かつて銀の取引でにぎわっていた通りの一角。古本屋と軽食屋が並ぶ中にその店はあった。
扉は飴色のニスでつやつやして、はめ込まれた色ガラスの向こうでは気難しそうなマスターがグラスを磨いている。
扉を開ければ染みついたコーヒーの香りが出迎えるだろう。

しかし、この店の名物はコーヒーではない。
マスターが気難しく、偏屈であるがゆえに極めた製菓技術、その粋、「完全(パルフェ)」の名を冠する甘味こそ、訪れる客の大半が求める品である。

→詳細検索
キーワード
キャラクターID
ジョセフ様、ジョセフ様は何になさいますか?
(混雑する時間をさけた為か、割とスムーズに席に座れてご機嫌でメニューを開く肉人形が微笑み首を傾げた。
開かれたメニューにはコーヒー等と飲み物のメニューと、その横に季節のフルーツの名前を冠したパフェが列挙されている)

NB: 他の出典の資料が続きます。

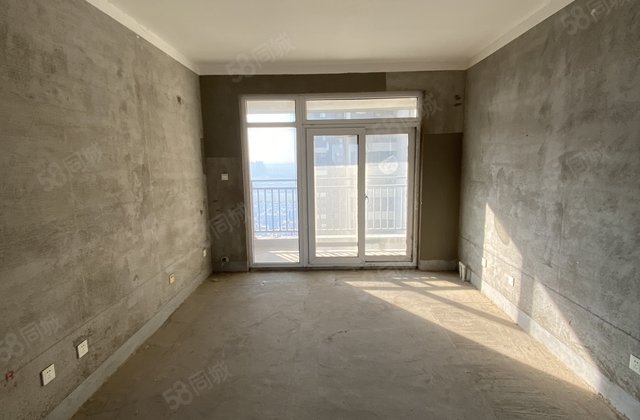 建业桂园3室2厅110㎡46万二手房图片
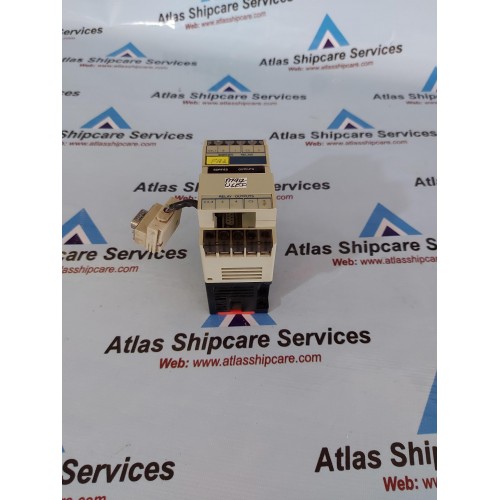 TELEMECANIQUE TSX DSF635 OUTPUT MODULE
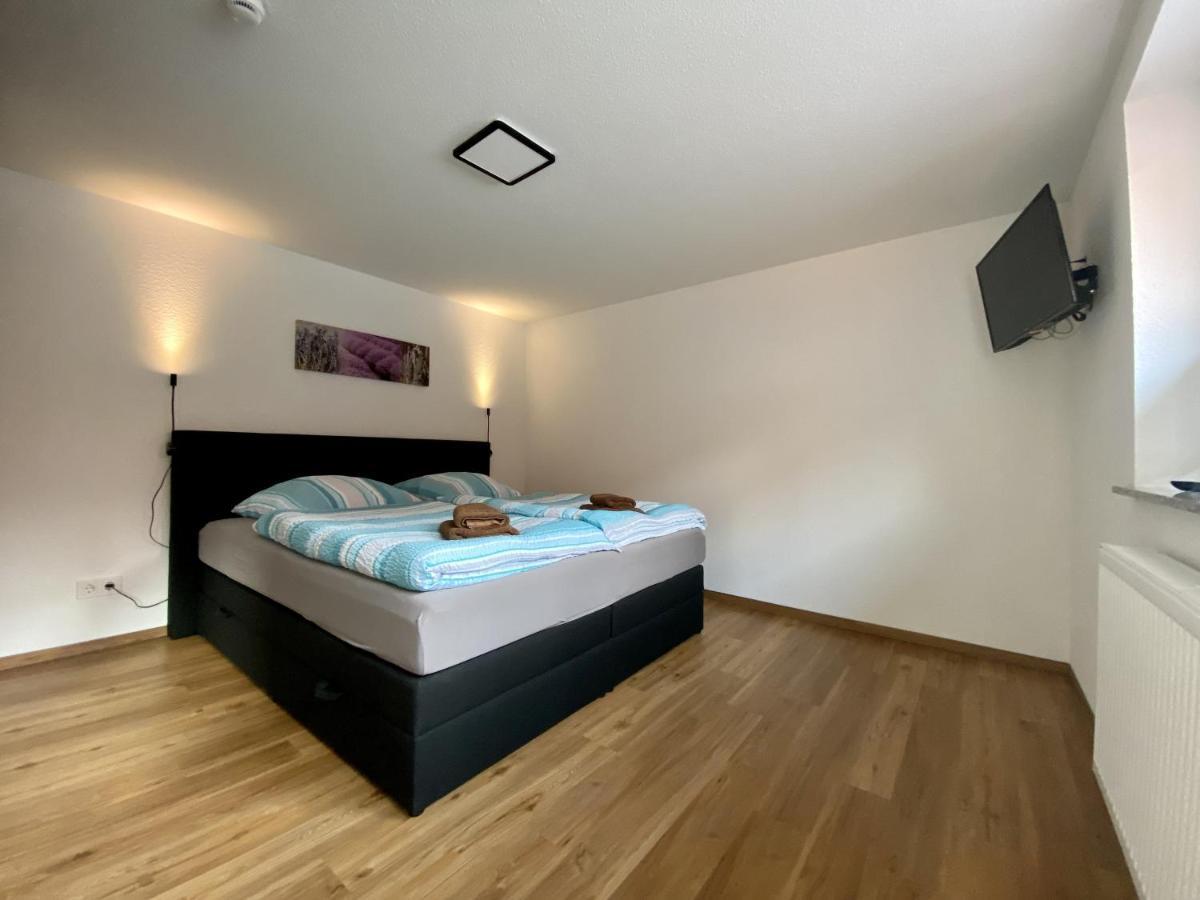 Ferienhaus Julian Thale Kültér fotó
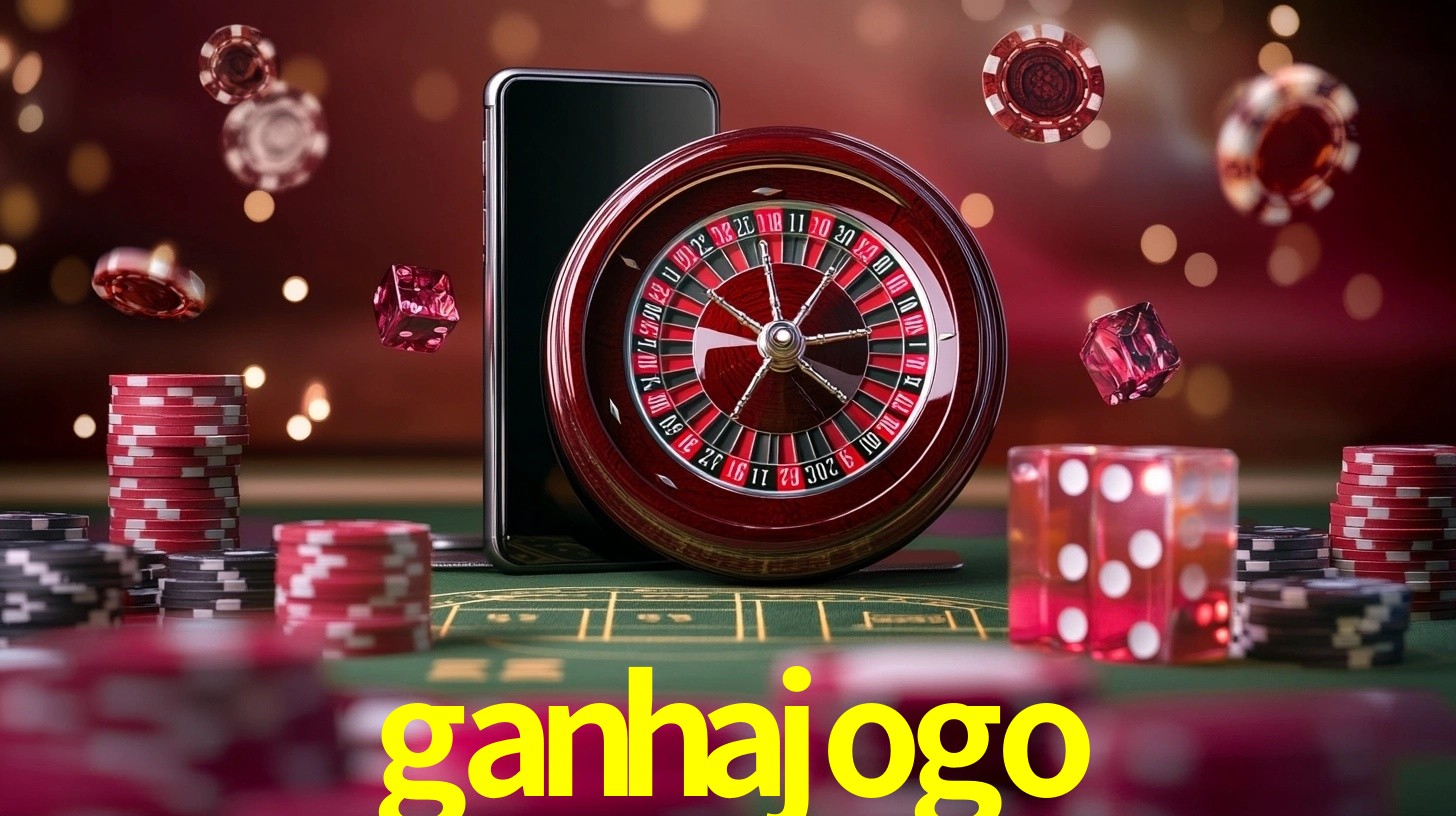 GANHAJOGO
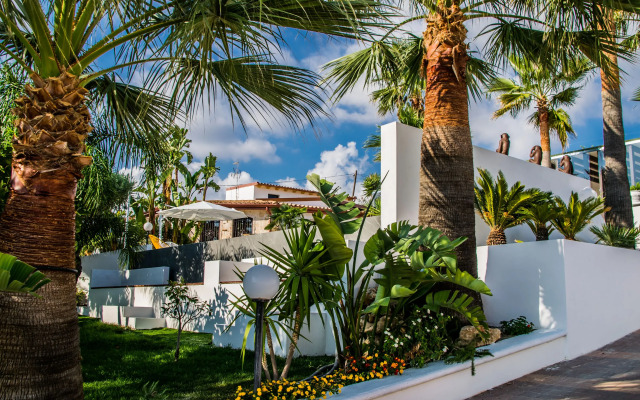 Diodorus Luxury Experience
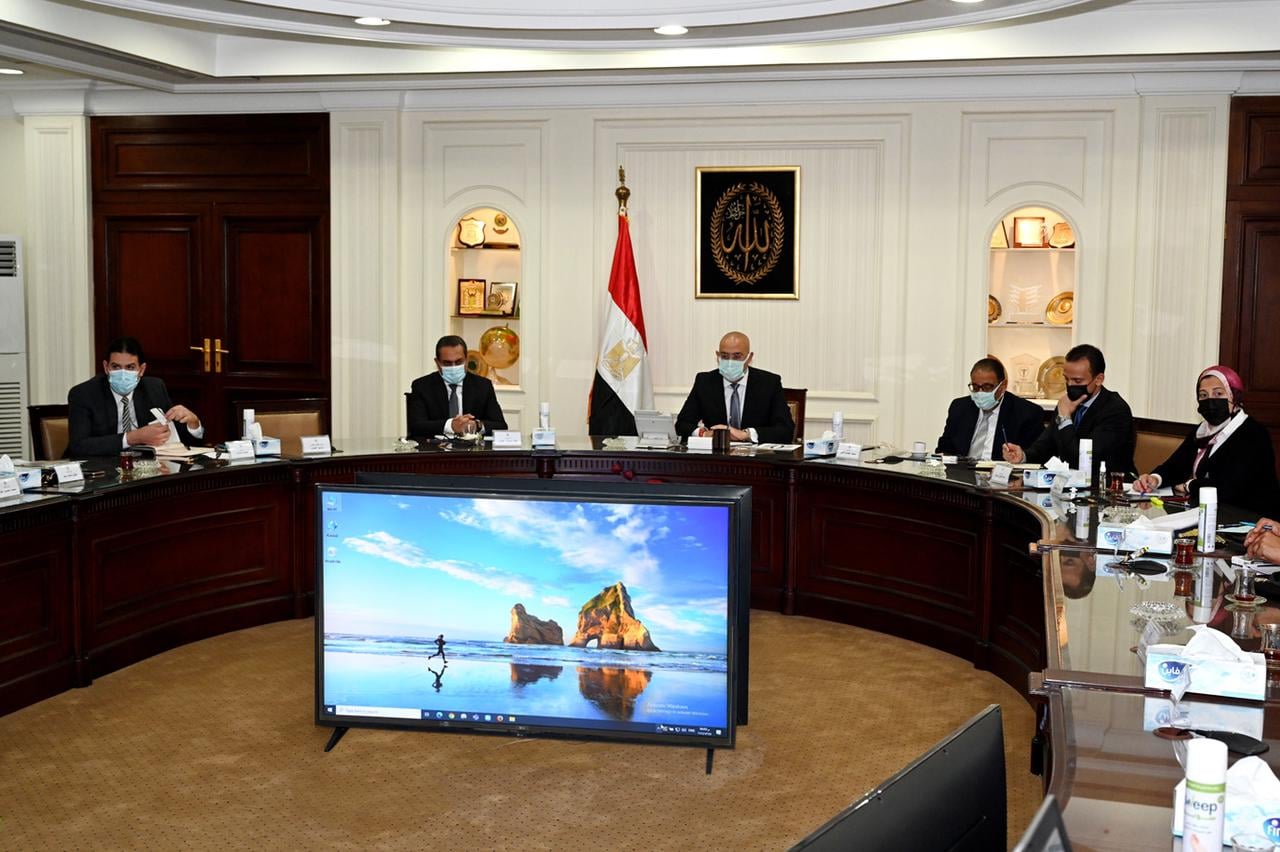 وزير الإسكان: 86.5 مليار جنيه لتحقيق التنمية الاقتصادية لصعيد مصر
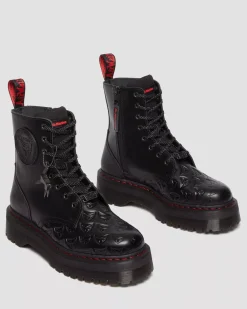 Platform Boots|Ankle Boots><noscript><img width=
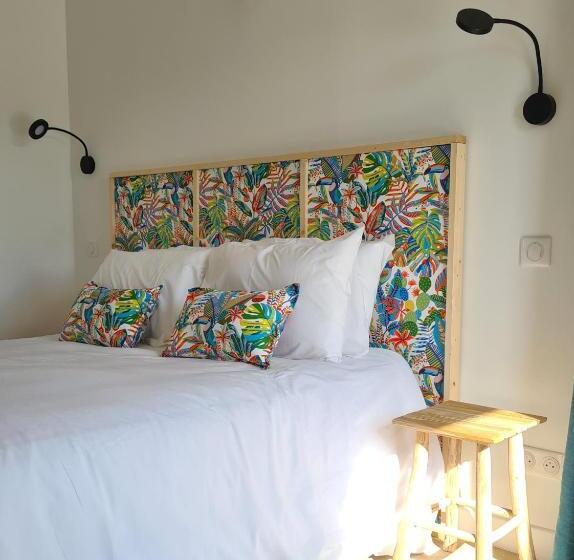 مبيت وإفطار Villa Martinus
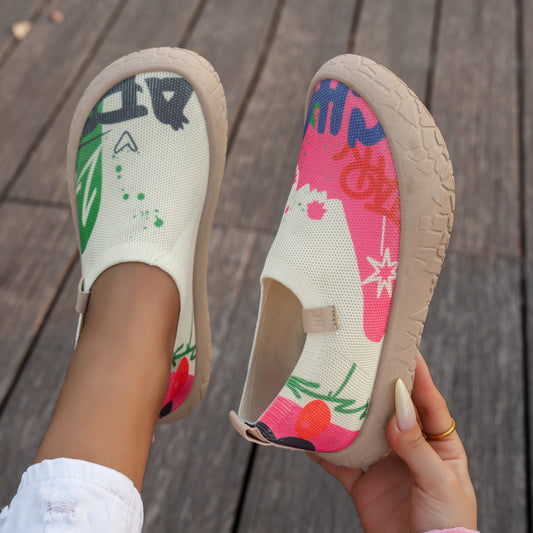 Leonor | Zapatillas Cómodas con Elevación Invisible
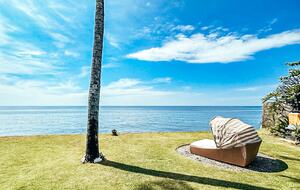 Villa Kembang Kertas - Bukti, Buleleng, Indonesia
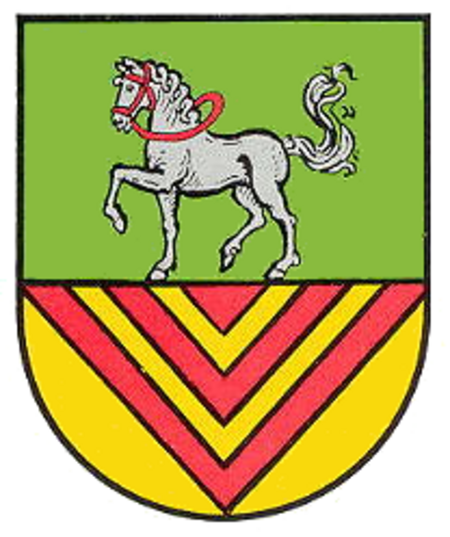 Wappen Winzeln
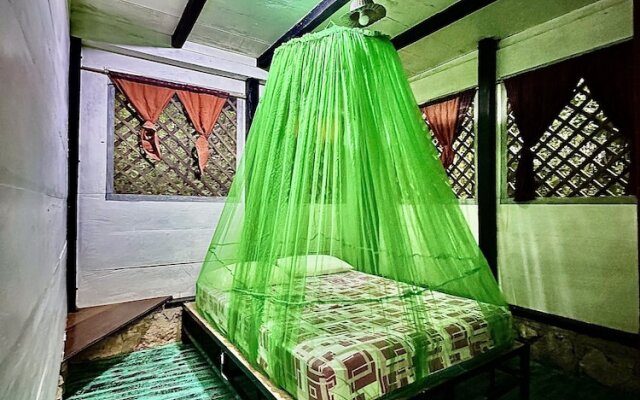 Finca Tatin Hotel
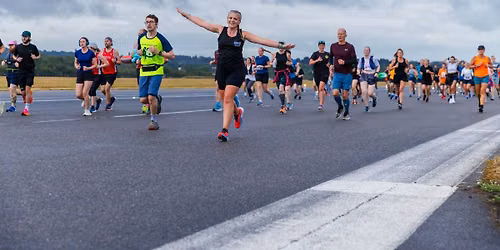 Runway Run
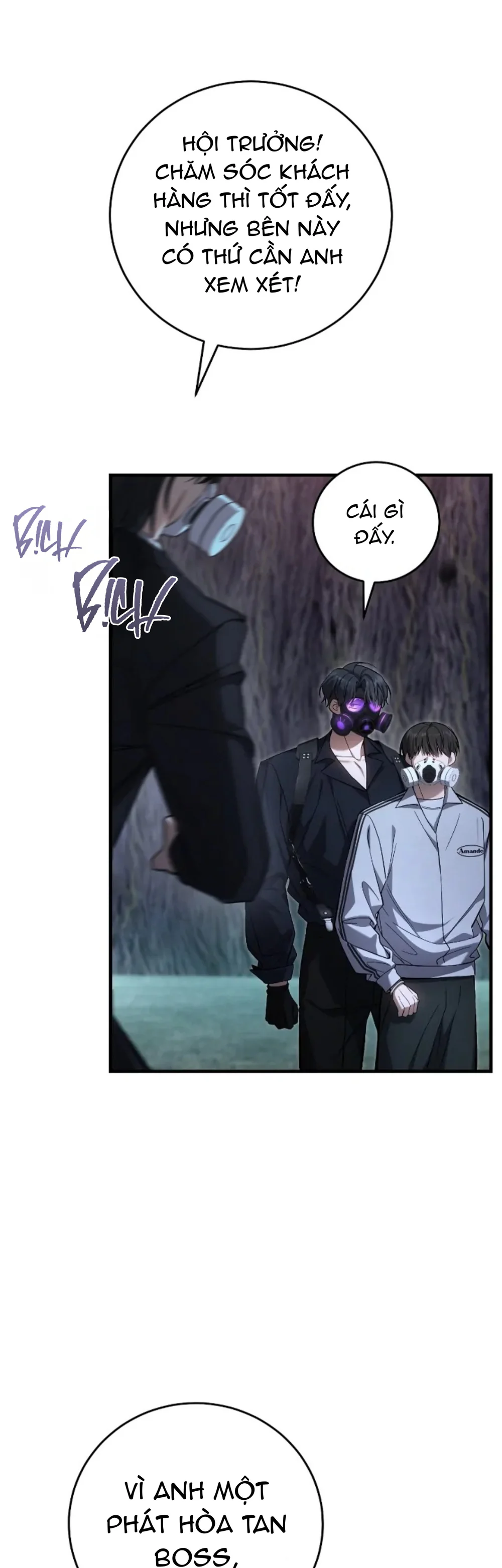 Thợ Săn Chỉ Muốn Ở Ẩn Chapter 20 Trang 21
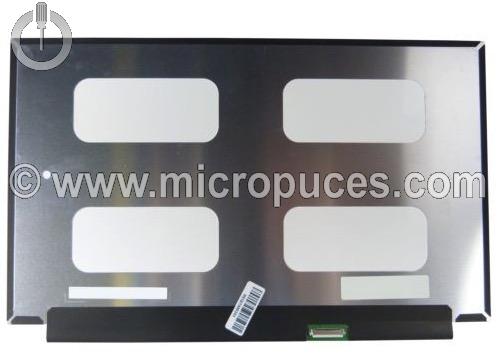Dalle * NEUVE * LED 13.3" LG wide LP133WF4 (SP) (H1) (30 pin)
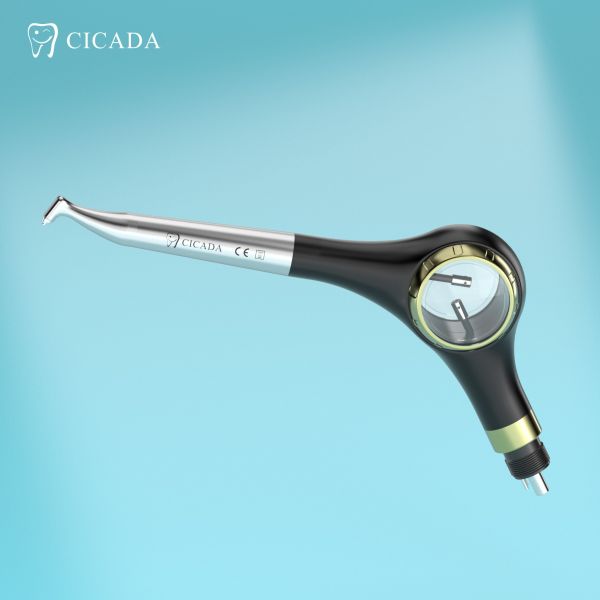 Аэр Флоу Cicada DT-X4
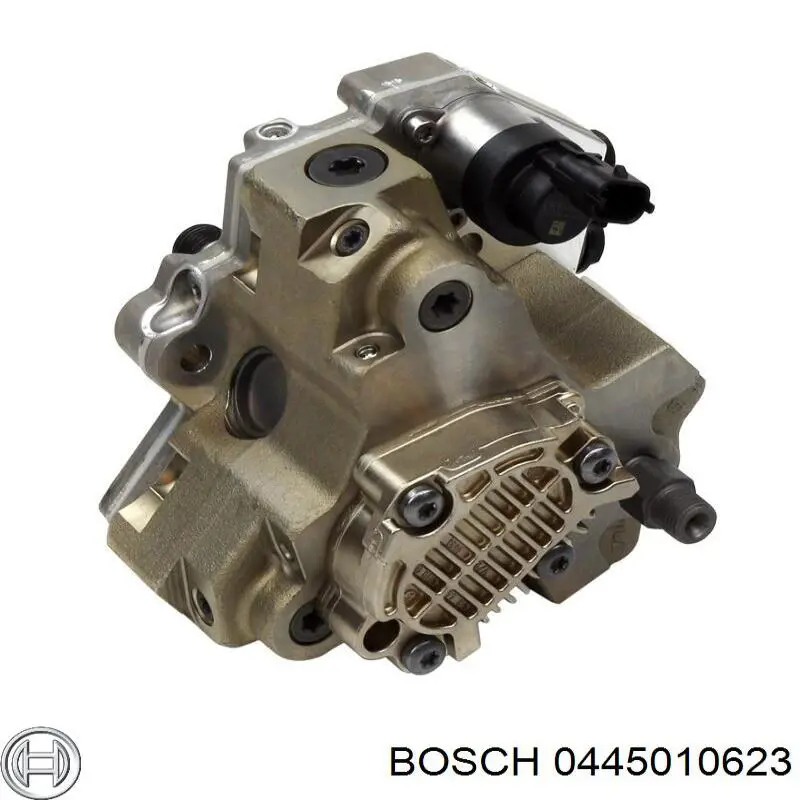  0445010623 Bosch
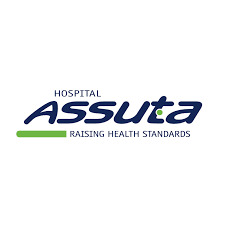 Assuta Hospital in Haifa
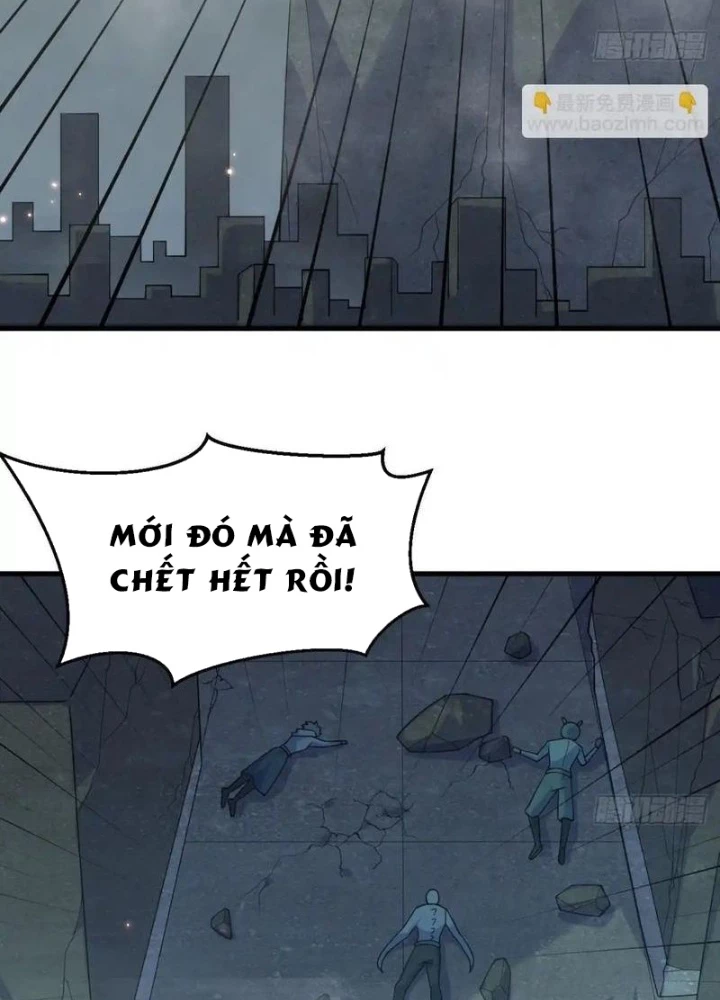 Thuật Sĩ Đến Từ Tương Lai Chapter 212 - 45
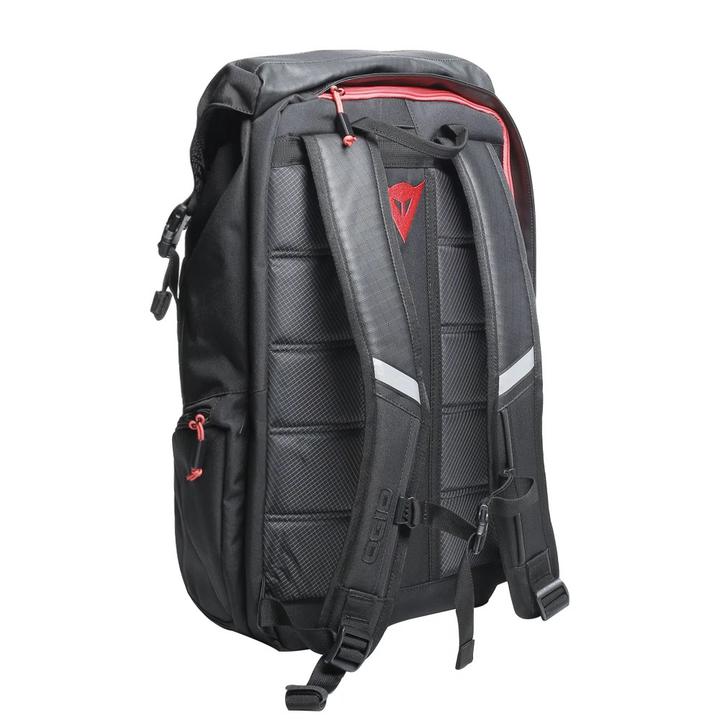 Dainese Dainese D-Throttle B-Pack - Stealth/Black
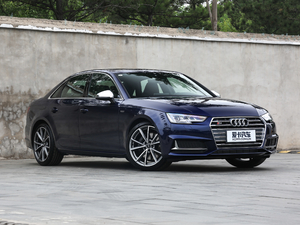 2018��3.0TFSI ���w���^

ああ、いちご、いちごもいいですね。オレンジも鮮やかでおいしそう。
まぁ、もう桃もあるのですね。ううん、ううん、いちご、桃……。やだ、チーズケーキパフェもあるなんて……。

(パフェを食べる時に邪魔にならないよう白いリボンでポニーテールにして挑むレベルで気合の入れようだ。きっと尻尾があったら千切れんばかりに左右に振っていたに違いない)
(低く唸りながら、広げたメニューを熱心に見つめる仮面の男。目の前の少女と同じかそれ以上か。少なくとも劣ることはない。)

ううう……うむむむ。迷う、迷うな。
やはりここは酸味と甘味のバランスが取れた柑橘……いや、桃のとろける甘さも捨てがたい……。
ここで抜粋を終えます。